Apache Kafka

Introduction

This document contains my notes on Apache Kafka, which I studied from Udemy Course "Apache Kafka Series - Learn Apache Kafka for Beginners v3" by Stephane Maarek

Why Apache Kafka

Decoupling of data streams and systems
- N Source Systems ---> Kafka ---> N Target Systems
Distributed, resilient architecture, fault tolerant
Horizontal scalability:
- Can scale to 100s of brokes
- Can scale to millions of messages per second
High performance (latency of less than 10ms) - real life

Apache Kafka Use Cases

Messaging System
Activity Tracking
Gather metrics from many different locations
Application Logs gathering
Stream processing (with the Kafka Streams API for example)
De-coupling of system dependencies
Integration with Spark, Flink, Storm, Hadoop and many other Big Data Technologies
Micro-services pub/sub

Real use cases examples:

Netflix - uses Kafka to apply recommendations in real-time while you're watching TV shows
Uber - uses Kafka to gather user, taxi and trip data in real-time to compute and forecast demand, and compute surge pricing in real-time
LinkedIn - uses Kafka to prevent spam, collect user interactions to make better connection recommendations in real time.

[!NOTE] Kafka is only used as a transportation mechanism!

Kafka Architecture

Course Material Download

Kafka Theory

Topics

Topics: a particular streams of data
Like a table in database (without all the constrains)
One can have as many topics as one want
A topic is identified by its name
Topics support any kind of message format (e.g. json, txt, binary etc.)
The sequence of message is called a data stream
One can not query topics, instead, use Kafka Producers to send data and Kafka Consumers to read the data
Kafka topics are immutable
Data is kept only for a limited time (default is one week, but configurable)

Partitions and Offsets

Topics are split in partitions (e.g. 100 partitions)
- Messages within each partition are ordered
- Each message within a partition gets an incremental ID, called offset
Kafka topics are immutable: once data is written to a partition, it can not be changed
Offset only have a meaning for a specific partition
- E.g. offset 3 in partition 0 doesn't represent the same data as offset 3 in partition 1
- Offsets are not re-used even if previous message have been deleted
Order is guaranteed only within a partition (not across partitions)
Data is assigned randomly to a partition unless a key is provided
One can have as many partitions per topic as one want

Producers

Producers write date to topics (which are made of partitions)
Producers know in advance to which partition to write to (and which Kafka broker has it)
In case of Kafka failure, Producers will automatically recover

Producer's Message Key

Producers can choose to send a key with the messsage (string, number, binary, etc.)
if key=null, data is sent round robin (partition 0, then 1, then 2..)
if key!=null, then all messages for that key will always go to the same partition (hashing)
A key are typically sent if you need message ordering for a specific field (ex: truck_id)

Kafka Messages Anatomy

Key-binary
- can be null
Value-binary
- can be null
Compression Type
- none
- gzip
- snappy
- lz4
- zstd
Headers (optional)
- key/value
- key/value
Partition+Offset
Timestamp (system or user set)

Kafka Message Serializer

Kafka only accepts bytes as an input from producers and sends bytes out as an output to consumers
Message Serialization means transforming objects/data into bytes
Serializers are used on the value and the key
Kafka comes with Common Serializers
- String (incl.
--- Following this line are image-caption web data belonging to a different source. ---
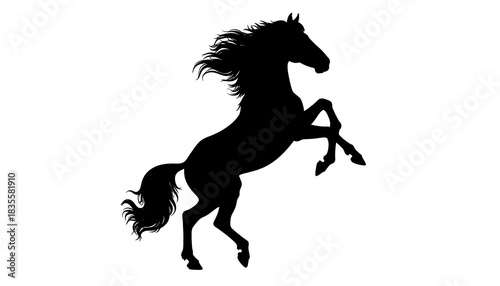 Silhouette of a rearing horse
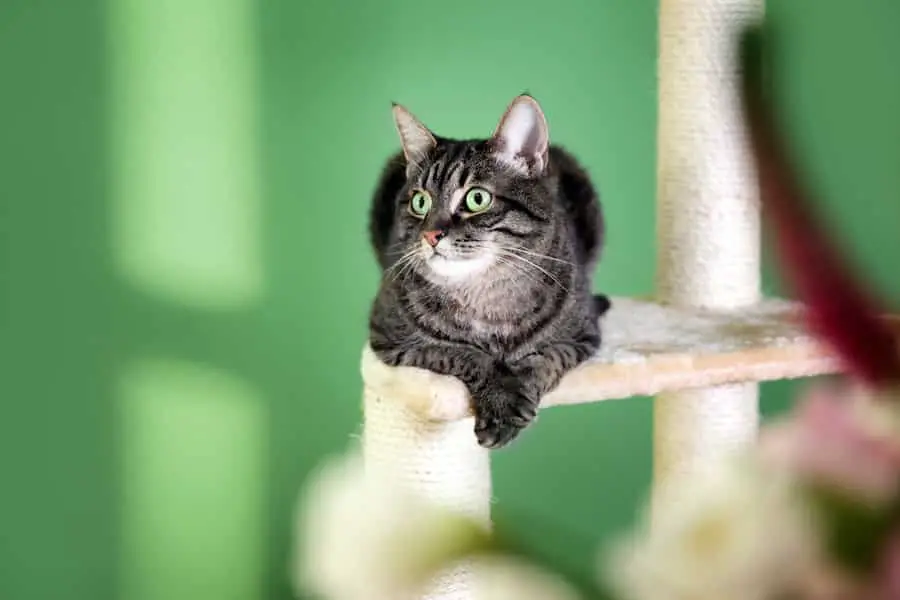 Cat sitting on cat tree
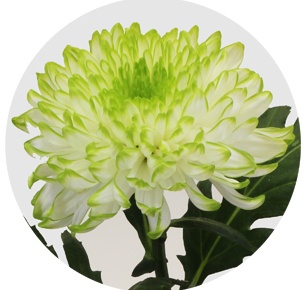 Хризантема одноголовая Зембла лайм (Zembla lime)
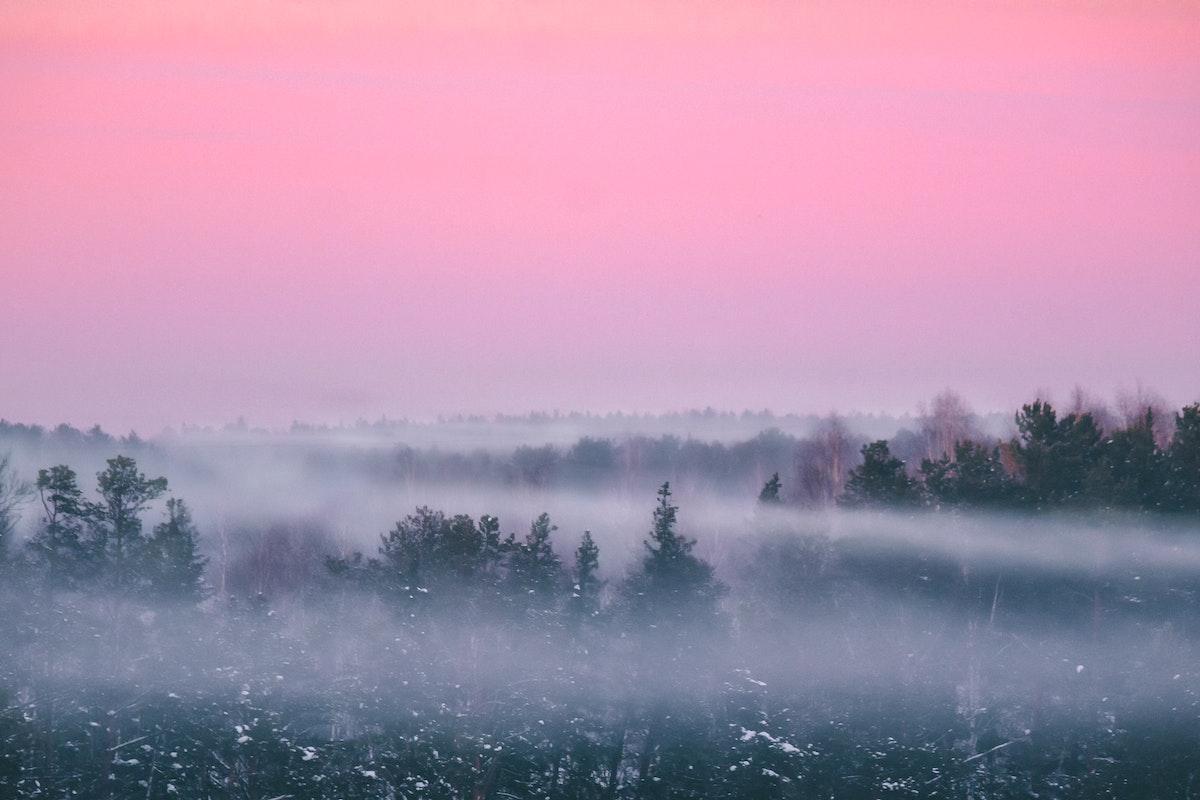 Different Types of Fog
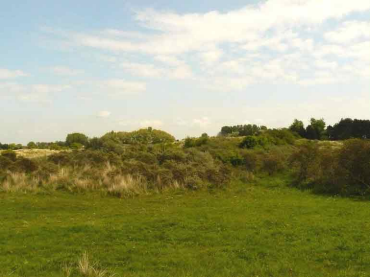 Primal area, low dunes, near the peatland.
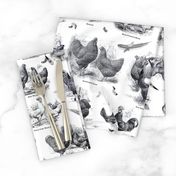 Poultry Envy White Black Toile 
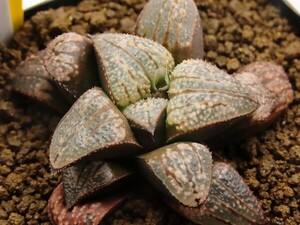 ■[Y052]ティファニー×ビエラ　実生　未繁殖　ヤマト運輸 【多肉植物　Haworthia　ハオルチア　ハオルシア】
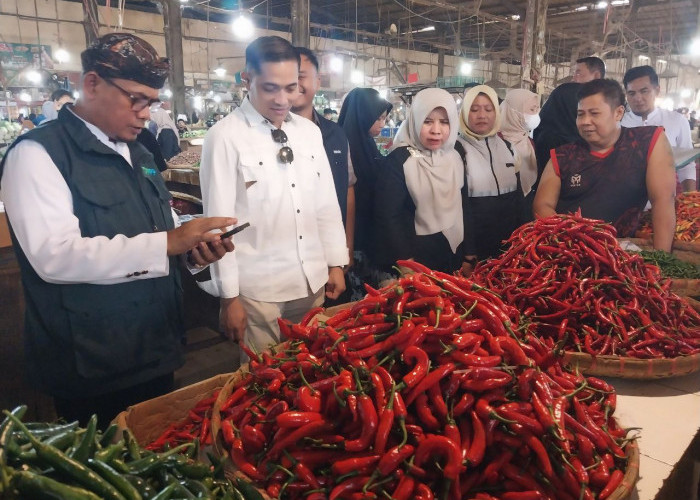 Harga Cabai di Pasar Jagasatru Cirebon Naik Akibat Cuaca, Berpotensi Kembali Merangkak Jelang Ramadan
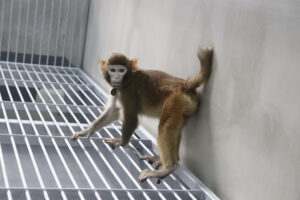 Científicos chinos clonan con éxito un mono rhesus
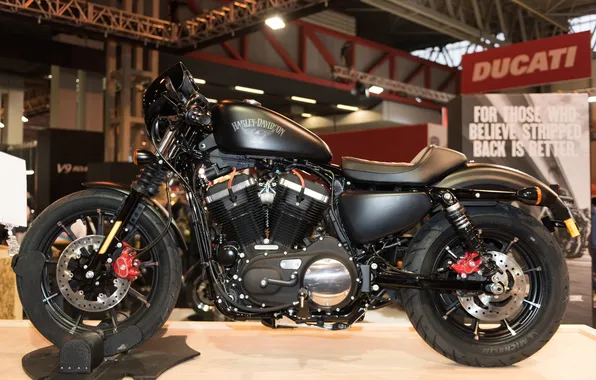Picture design, motorcycle, exhibition, Harley Davidson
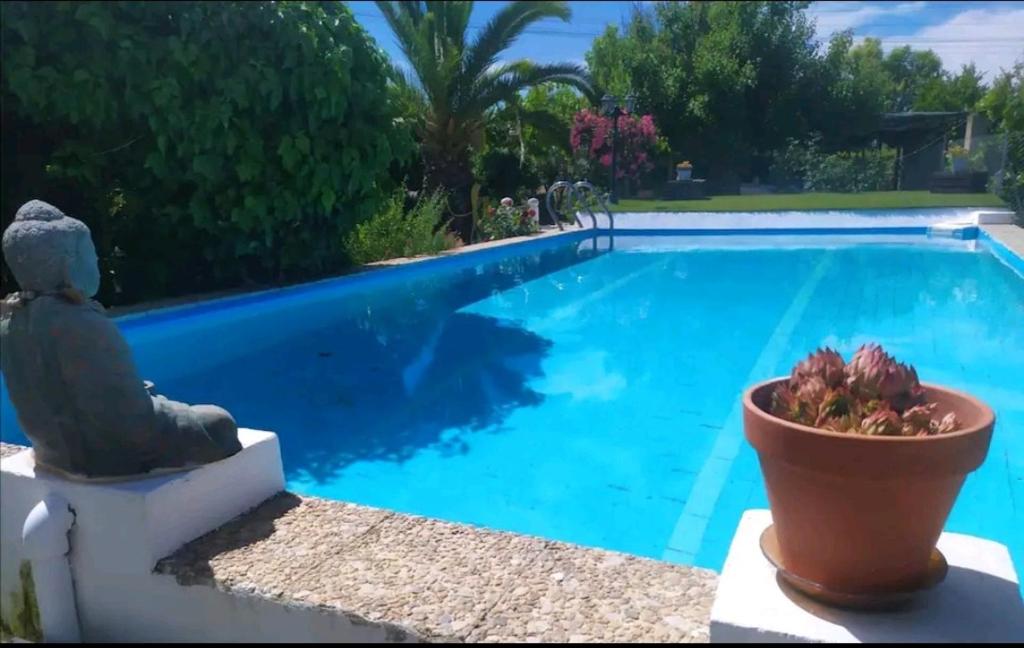 塔拉韦拉·德·拉·雷纳Casa de Campo Talavera的蓝色的游泳池,旁边是盆栽植物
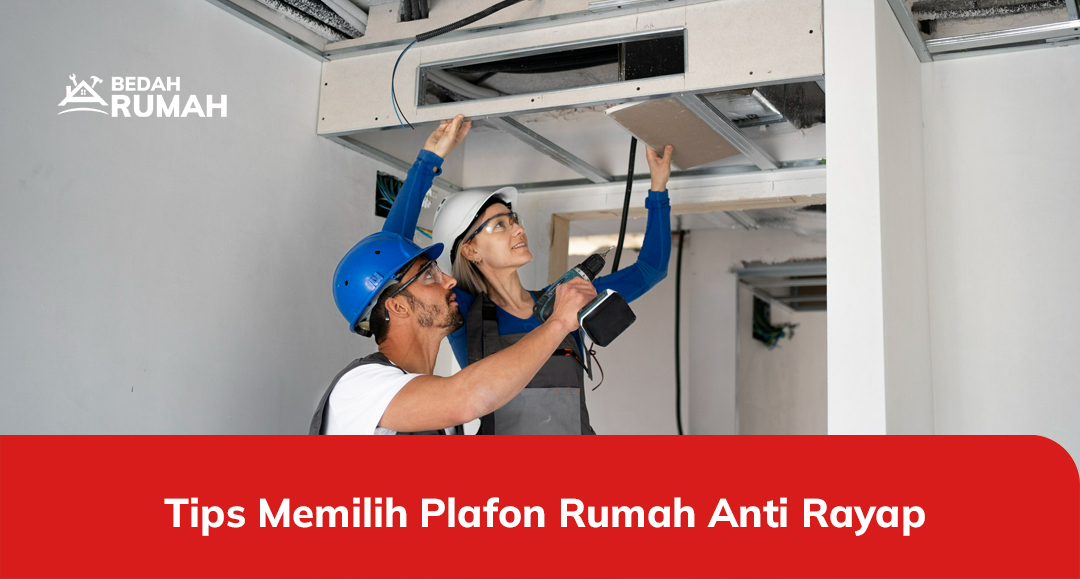 Tips Memilih Plafon Rumah Anti Rayap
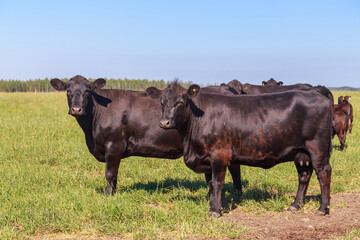 Angus cows and bulls graze in the meadow.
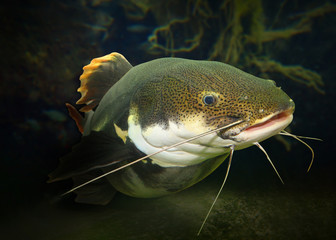 Underwater photography of The Red Tail Catfish (Phractocephalus hemiliopterus). This tropical fish...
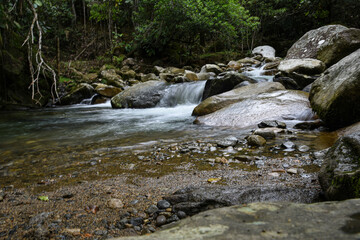 stream in the forest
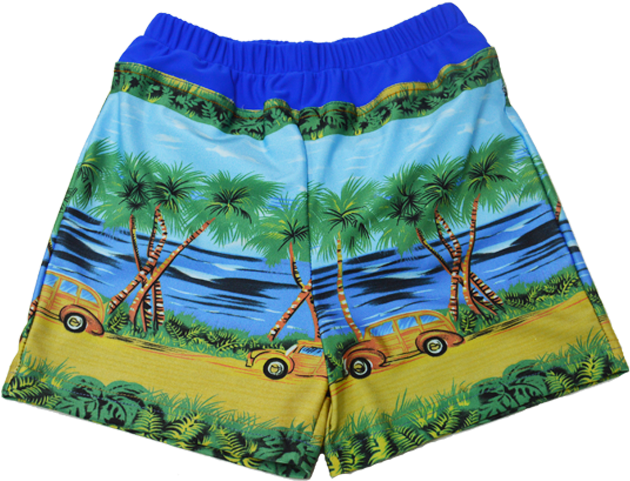 Special Needs Youth Swim Diaper Trunks - Board Short Clipart (643x798), Png Download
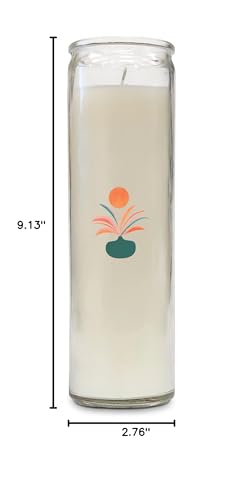 Studio Oh! CAC81 Southwest Desert By Kristian Gallagher Citronella And Citrus Zest Cathedral Candle, White Pillar Candle In Decorative Glass Candle Cylinder thumb #6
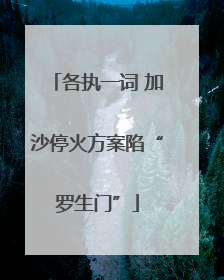 各执一词 加沙停火方案陷“罗生门”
JSON)
- Int, Float
- Avro
- Protobuf

Kafka Message Key Hashing

A Kafka partitioner is a code logic that takes a record and determines to which partition to send it into
Key Hashing is the process of determining the mapping of a key to a partition
In the defualt Kafka partitioner, the keys are hashed using the marmur2 algorithm with the formula below:

targetPartition = Math.abs(Utils.marmur2(keyBytes)) % (numPartitions - 1)

Consumers

Consumers read data from a topic (identified by name) - pull model
Consumers automatically know which broker to read from
In case of broker failures, consumers know how to recover
Data is read in order from low to high offset within each partitions

Consumer Deserializers

Deserialize indicates how to transform bytes into objects/data
Deserializers are used on the value and the key of the message
Kafka Common Deserializers
- String (incl. JSON)
- Int, Float
- Avro
- Protobuf

[!NOTE] The serialization/deserialization type must not change during a topic lifecycle

Consumer Groups

All the consumers in an application read data as a consumer groups
To create distinct consumer groups, use consumer property group.id
Each consumer within a group reads from exclusive partitions
If one have more consumers than partitions, some consumers will be inactive
Multiple Consumers on one topic
- In Apache Kafka it is acceptable to have multiple consumer groups on the same topic
- E.g. 1 consumer service for location, 1 consumer service for notification in track example

Consumer Offsets

Kafka stores the offsets at which a consumer group has been reading
The offsets committed are in Kafka topics named __consumer_offsets
When a consumer in a group has processed data reveived from Kafka, it should be periodically committing the offsets (the Kafka broker will write to __consumer_offsets, not to the group itself)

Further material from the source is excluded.